** THE DATA follows **

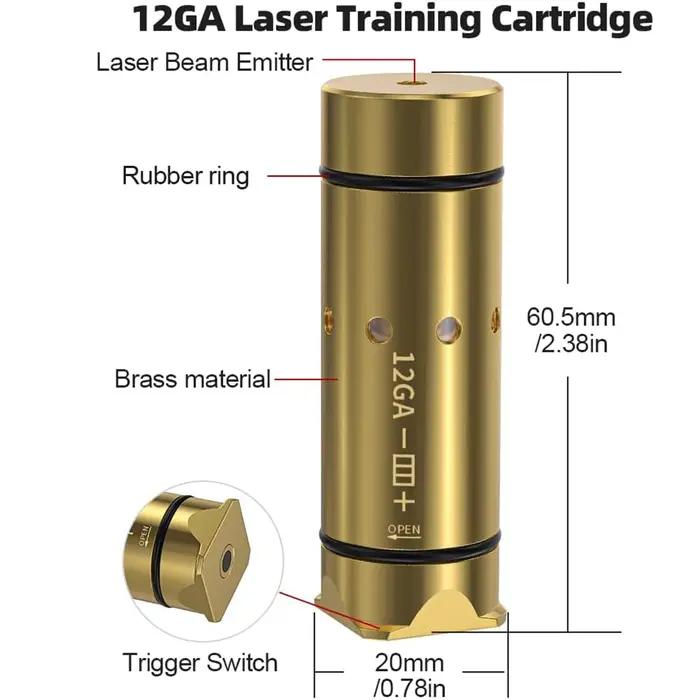 Cartouche Laser 12GA 9mm 9x19mm/7.62x39/380ACP/223Rem pour la pratique du feu sec, formation au Laser, entraîneur de balles, cartouche de vue d'alésage
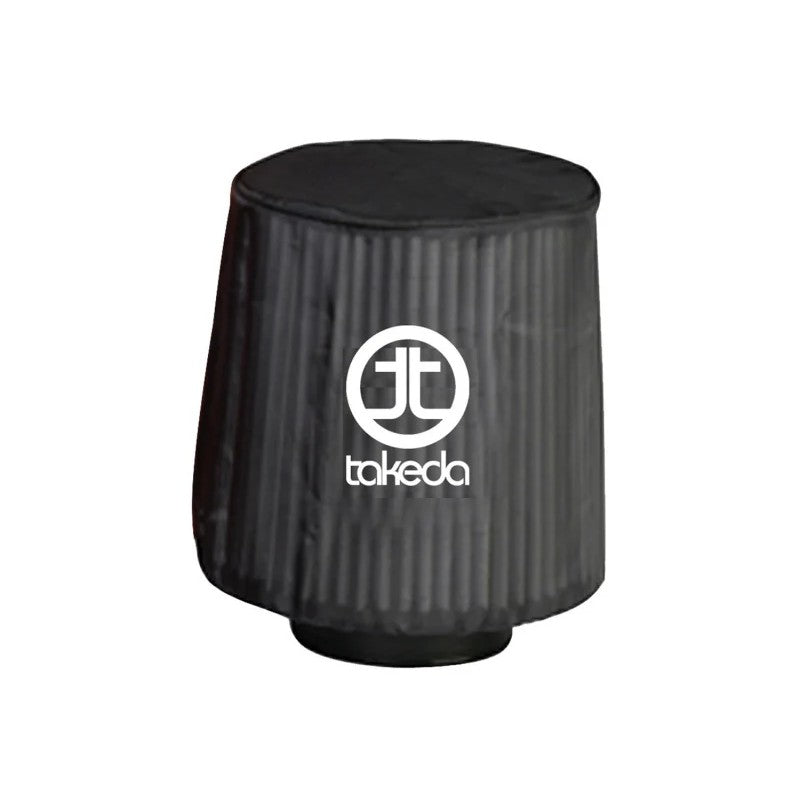 Black Takeda polyester mesh air filter pre-filter skin with 7-inch base and 5-inch height.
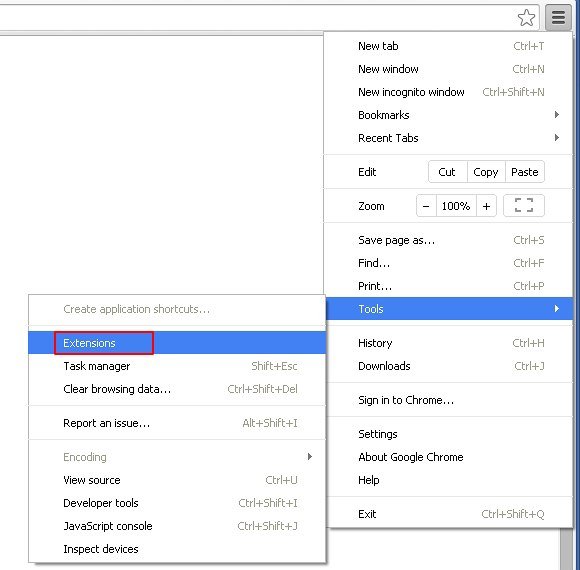 Enter Extensions interface in Chrome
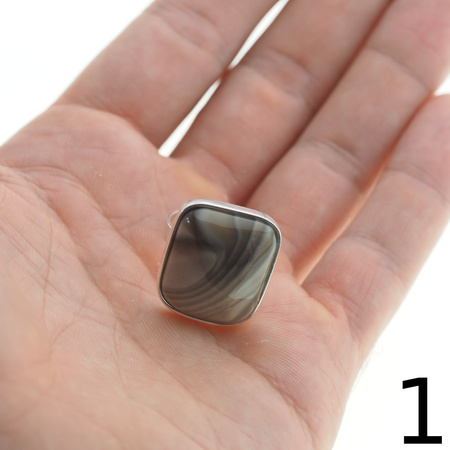 Srebrny pierścionek z Krzemieniem Pasiastym – ręcznie wykonany, srebro 925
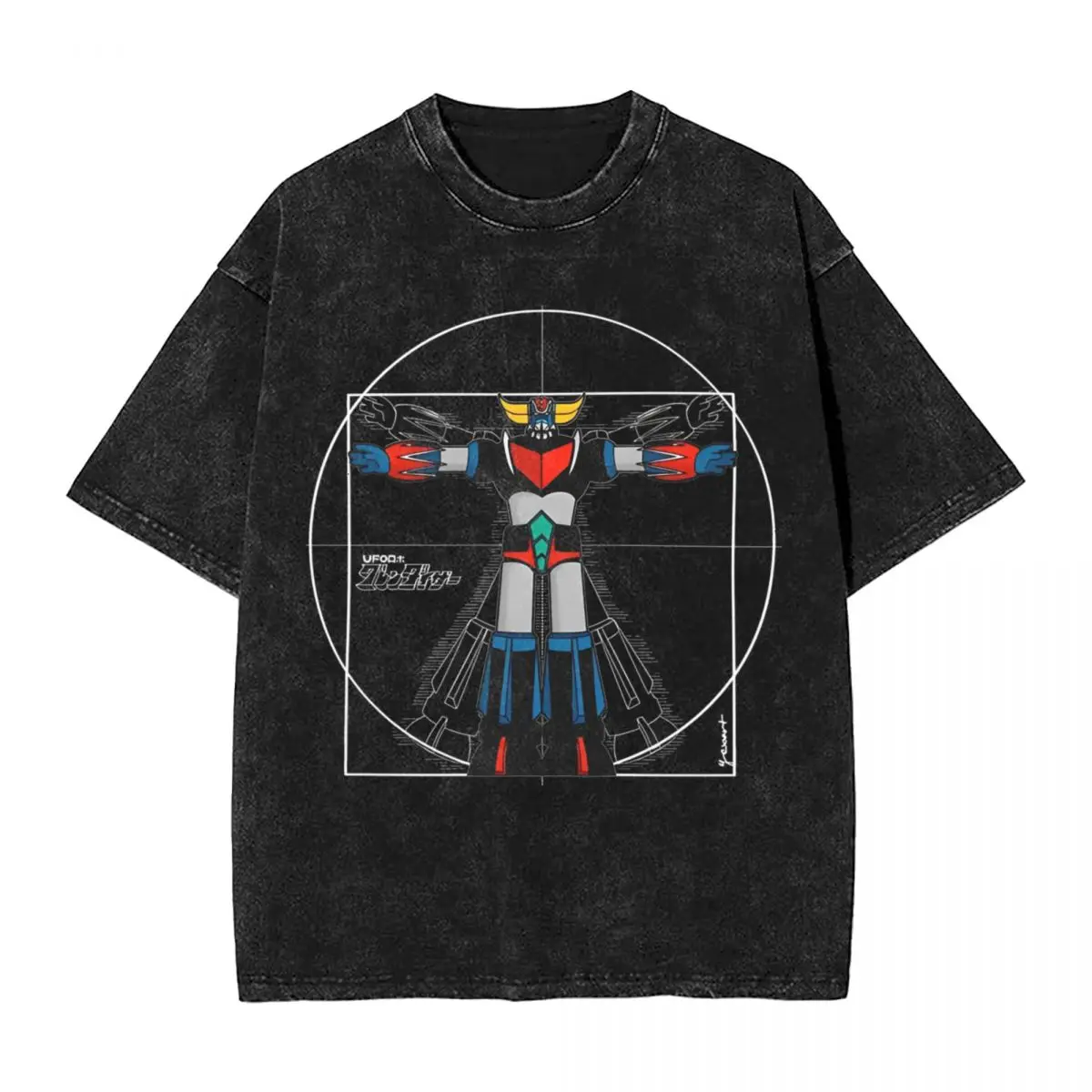 Vitru Grendizer T Shirts Washed 100% Cotton T-Shirt Mazinger Z Anime Goldorak Vintage Streetwear Graphic Printed Tops Tees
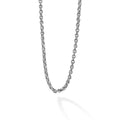 Sterling silver fluted links form this double link Caviar chain 3mm necklace. Length available in 20, 22, 24, and 26 inches.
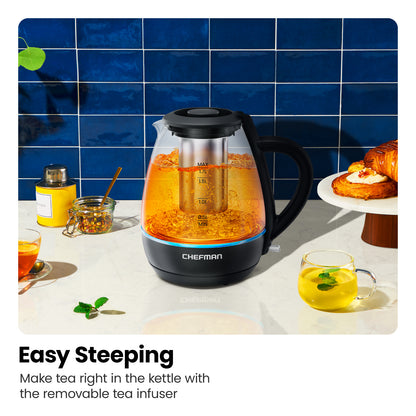 Fast Boil 1.7L Electric Glass Kettle w/ Tea Infuser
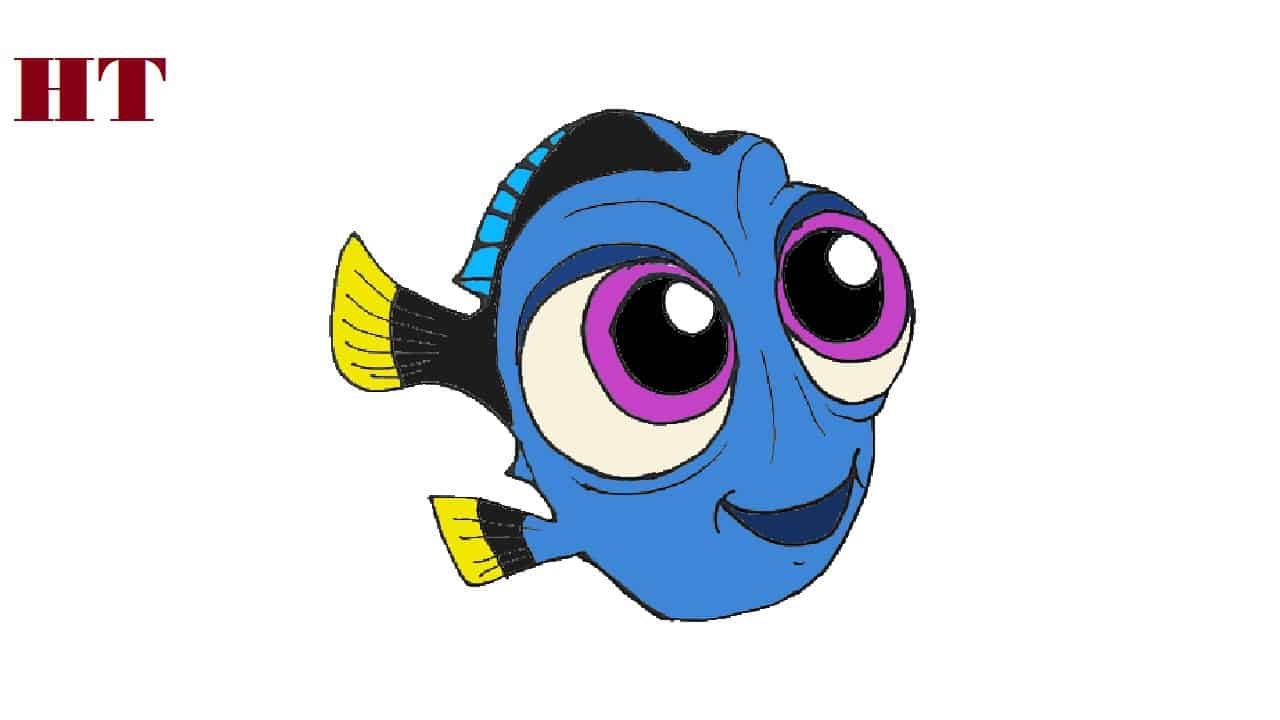 How to Draw Baby Dory from Finding Dory easy with this how-to video and ste...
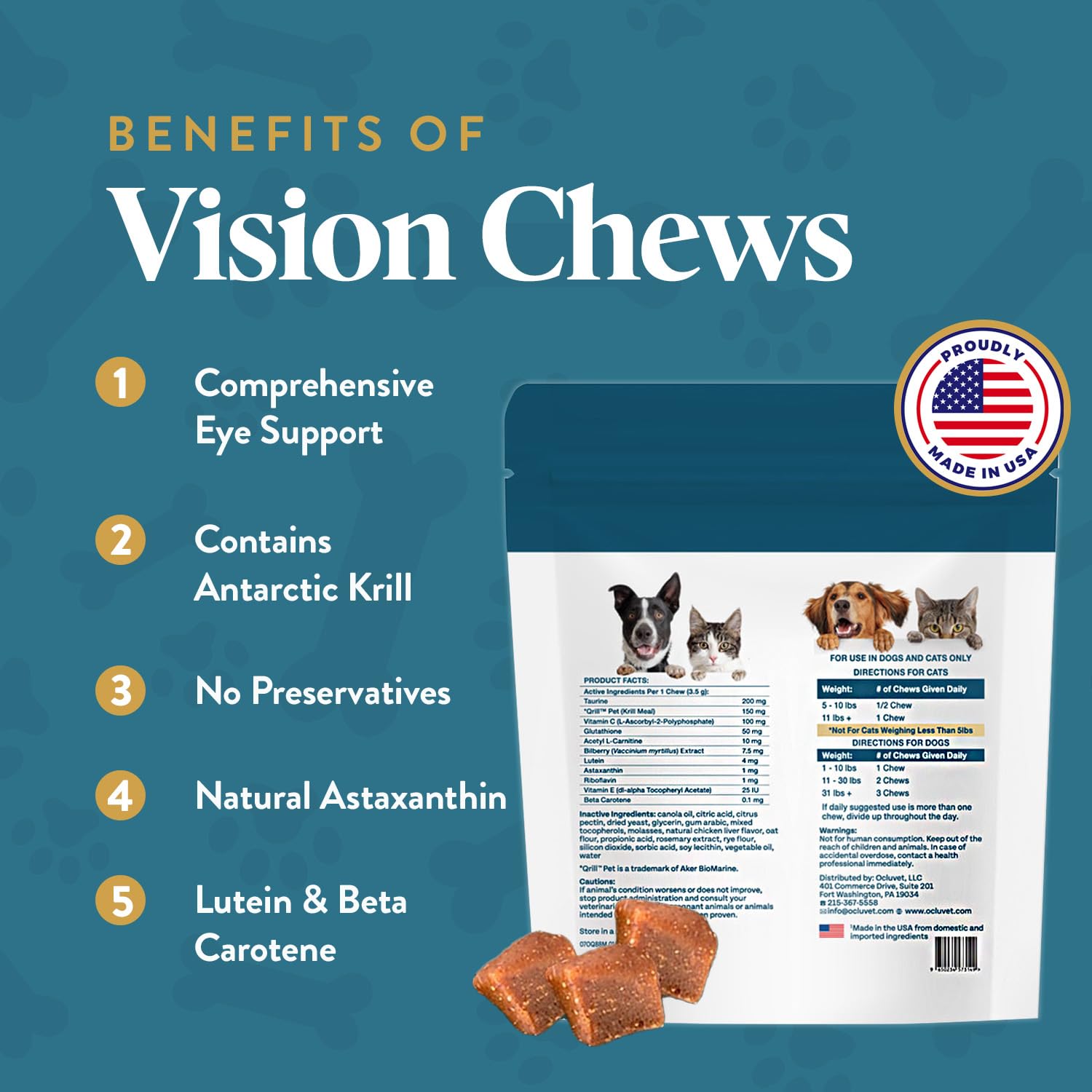 OcluVet Eye Supplement Bundle for Dogs & Cats, 15 Chews & 16 mL Drops — Amazon image 3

** End of THE DATA **

PROBLEM STATEMENT:
Emit the lines of the data above from the one containing "Srebrny pierścionek z" through its final line, both endpoints included. Pictures do not belong in the output.

SOLVED EXERCISE:
 Srebrny pierścionek z Krzemieniem Pasiastym – ręcznie wykonany, srebro 925
 Vitru Grendizer T Shirts Washed 100% Cotton T-Shirt Mazinger Z Anime Goldorak Vintage Streetwear Graphic Printed Tops Tees
 Sterling silver fluted links form this double link Caviar chain 3mm necklace. Length available in 20, 22, 24, and 26 inches.
 Fast Boil 1.7L Electric Glass Kettle w/ Tea Infuser
 How to Draw Baby Dory from Finding Dory easy with this how-to video and ste...
 OcluVet Eye Supplement Bundle for Dogs & Cats, 15 Chews & 16 mL Drops — Amazon image 3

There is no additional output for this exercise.